- _DIRECTIONS FOR THIS TASK_: Give again the entries below exactly, beginning at the first line and ending at the line with "اجرای برنامه‌های فرهنگی".

Dataset excerpts:
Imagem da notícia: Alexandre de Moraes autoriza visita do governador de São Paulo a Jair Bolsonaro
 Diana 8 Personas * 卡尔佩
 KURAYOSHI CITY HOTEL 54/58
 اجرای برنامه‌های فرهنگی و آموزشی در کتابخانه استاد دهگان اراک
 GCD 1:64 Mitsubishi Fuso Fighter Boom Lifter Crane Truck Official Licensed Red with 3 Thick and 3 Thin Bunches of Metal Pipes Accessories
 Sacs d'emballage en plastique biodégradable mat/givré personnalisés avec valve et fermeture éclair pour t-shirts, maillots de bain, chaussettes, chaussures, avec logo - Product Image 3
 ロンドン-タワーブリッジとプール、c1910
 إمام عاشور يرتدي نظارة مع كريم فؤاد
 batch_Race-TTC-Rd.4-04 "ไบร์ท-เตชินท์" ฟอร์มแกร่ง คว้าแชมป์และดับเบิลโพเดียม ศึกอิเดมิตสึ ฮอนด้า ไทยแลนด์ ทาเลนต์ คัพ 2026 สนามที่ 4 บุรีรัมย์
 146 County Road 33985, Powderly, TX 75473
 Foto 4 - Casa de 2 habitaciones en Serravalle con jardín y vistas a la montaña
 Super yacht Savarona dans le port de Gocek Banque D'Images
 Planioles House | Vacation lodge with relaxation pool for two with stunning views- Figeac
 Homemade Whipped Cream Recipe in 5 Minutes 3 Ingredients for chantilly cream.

- _SOLVED EXERCISE_:
Imagem da notícia: Alexandre de Moraes autoriza visita do governador de São Paulo a Jair Bolsonaro
 Diana 8 Personas * 卡尔佩
 KURAYOSHI CITY HOTEL 54/58
 اجرای برنامه‌های فرهنگی و آموزشی در کتابخانه استاد دهگان اراک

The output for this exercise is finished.